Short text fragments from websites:
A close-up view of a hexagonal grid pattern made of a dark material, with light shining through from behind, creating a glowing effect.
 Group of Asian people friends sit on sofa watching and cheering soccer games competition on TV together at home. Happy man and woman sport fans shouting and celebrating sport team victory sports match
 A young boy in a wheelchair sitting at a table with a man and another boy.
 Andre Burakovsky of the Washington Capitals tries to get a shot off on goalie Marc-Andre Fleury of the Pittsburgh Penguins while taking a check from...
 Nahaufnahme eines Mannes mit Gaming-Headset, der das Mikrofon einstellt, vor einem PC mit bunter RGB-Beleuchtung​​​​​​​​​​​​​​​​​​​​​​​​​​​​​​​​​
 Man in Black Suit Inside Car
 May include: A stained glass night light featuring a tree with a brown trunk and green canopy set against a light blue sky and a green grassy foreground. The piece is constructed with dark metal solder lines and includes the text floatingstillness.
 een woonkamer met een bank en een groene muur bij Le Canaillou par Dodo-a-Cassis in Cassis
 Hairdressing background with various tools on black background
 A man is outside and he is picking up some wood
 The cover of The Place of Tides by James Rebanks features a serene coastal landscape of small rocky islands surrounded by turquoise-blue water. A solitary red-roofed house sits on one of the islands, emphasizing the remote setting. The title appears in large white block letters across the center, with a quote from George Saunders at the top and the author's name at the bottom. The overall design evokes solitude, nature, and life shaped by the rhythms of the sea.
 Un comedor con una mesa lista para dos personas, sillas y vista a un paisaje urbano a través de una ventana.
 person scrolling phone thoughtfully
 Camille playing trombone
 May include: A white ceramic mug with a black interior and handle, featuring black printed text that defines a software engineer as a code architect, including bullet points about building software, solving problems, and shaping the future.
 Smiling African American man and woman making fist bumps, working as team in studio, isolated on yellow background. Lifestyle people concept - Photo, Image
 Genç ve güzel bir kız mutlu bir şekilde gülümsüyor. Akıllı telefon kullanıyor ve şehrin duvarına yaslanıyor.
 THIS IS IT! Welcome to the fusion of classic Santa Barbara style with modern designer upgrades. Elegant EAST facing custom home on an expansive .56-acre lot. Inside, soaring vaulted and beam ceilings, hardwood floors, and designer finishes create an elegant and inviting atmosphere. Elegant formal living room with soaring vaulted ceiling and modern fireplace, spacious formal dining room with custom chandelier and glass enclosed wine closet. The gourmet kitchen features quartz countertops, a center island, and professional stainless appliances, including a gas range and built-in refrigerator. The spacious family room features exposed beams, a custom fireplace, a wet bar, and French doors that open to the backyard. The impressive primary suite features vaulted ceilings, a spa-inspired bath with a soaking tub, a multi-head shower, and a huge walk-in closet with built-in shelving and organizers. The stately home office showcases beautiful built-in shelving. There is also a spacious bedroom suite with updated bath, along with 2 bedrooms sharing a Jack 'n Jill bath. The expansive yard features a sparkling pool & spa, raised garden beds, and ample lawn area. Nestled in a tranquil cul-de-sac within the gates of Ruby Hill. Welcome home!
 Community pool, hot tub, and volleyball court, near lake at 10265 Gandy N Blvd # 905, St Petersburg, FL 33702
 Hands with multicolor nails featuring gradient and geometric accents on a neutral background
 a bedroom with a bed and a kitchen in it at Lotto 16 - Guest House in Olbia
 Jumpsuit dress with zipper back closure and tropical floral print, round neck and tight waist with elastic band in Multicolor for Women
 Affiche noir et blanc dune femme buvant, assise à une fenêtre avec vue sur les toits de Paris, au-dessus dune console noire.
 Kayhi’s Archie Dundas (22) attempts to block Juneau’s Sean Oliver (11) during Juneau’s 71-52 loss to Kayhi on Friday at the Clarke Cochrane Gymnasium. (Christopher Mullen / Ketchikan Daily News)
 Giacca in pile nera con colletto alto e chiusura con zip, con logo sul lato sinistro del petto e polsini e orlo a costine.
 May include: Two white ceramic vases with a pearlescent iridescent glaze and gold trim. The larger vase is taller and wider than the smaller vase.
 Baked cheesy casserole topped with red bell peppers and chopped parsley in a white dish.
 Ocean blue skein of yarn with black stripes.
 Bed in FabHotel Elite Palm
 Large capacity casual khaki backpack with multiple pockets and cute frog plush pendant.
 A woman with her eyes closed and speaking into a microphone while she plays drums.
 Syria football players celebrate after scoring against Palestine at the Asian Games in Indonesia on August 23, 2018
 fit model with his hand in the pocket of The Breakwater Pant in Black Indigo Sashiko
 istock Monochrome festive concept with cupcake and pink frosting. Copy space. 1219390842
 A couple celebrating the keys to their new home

§ Instructions to follow
Of the lines above, output exactly those from the line bearing "Andre Burakovsky of" through the line bearing "Genç ve güzel", inclusive.

§ Written answer
 Andre Burakovsky of the Washington Capitals tries to get a shot off on goalie Marc-Andre Fleury of the Pittsburgh Penguins while taking a check from...
 Nahaufnahme eines Mannes mit Gaming-Headset, der das Mikrofon einstellt, vor einem PC mit bunter RGB-Beleuchtung​​​​​​​​​​​​​​​​​​​​​​​​​​​​​​​​​
 Man in Black Suit Inside Car
 May include: A stained glass night light featuring a tree with a brown trunk and green canopy set against a light blue sky and a green grassy foreground. The piece is constructed with dark metal solder lines and includes the text floatingstillness.
 een woonkamer met een bank en een groene muur bij Le Canaillou par Dodo-a-Cassis in Cassis
 Hairdressing background with various tools on black background
 A man is outside and he is picking up some wood
 The cover of The Place of Tides by James Rebanks features a serene coastal landscape of small rocky islands surrounded by turquoise-blue water. A solitary red-roofed house sits on one of the islands, emphasizing the remote setting. The title appears in large white block letters across the center, with a quote from George Saunders at the top and the author's name at the bottom. The overall design evokes solitude, nature, and life shaped by the rhythms of the sea.
 Un comedor con una mesa lista para dos personas, sillas y vista a un paisaje urbano a través de una ventana.
 person scrolling phone thoughtfully
 Camille playing trombone
 May include: A white ceramic mug with a black interior and handle, featuring black printed text that defines a software engineer as a code architect, including bullet points about building software, solving problems, and shaping the future.
 Smiling African American man and woman making fist bumps, working as team in studio, isolated on yellow background. Lifestyle people concept - Photo, Image
 Genç ve güzel bir kız mutlu bir şekilde gülümsüyor. Akıllı telefon kullanıyor ve şehrin duvarına yaslanıyor.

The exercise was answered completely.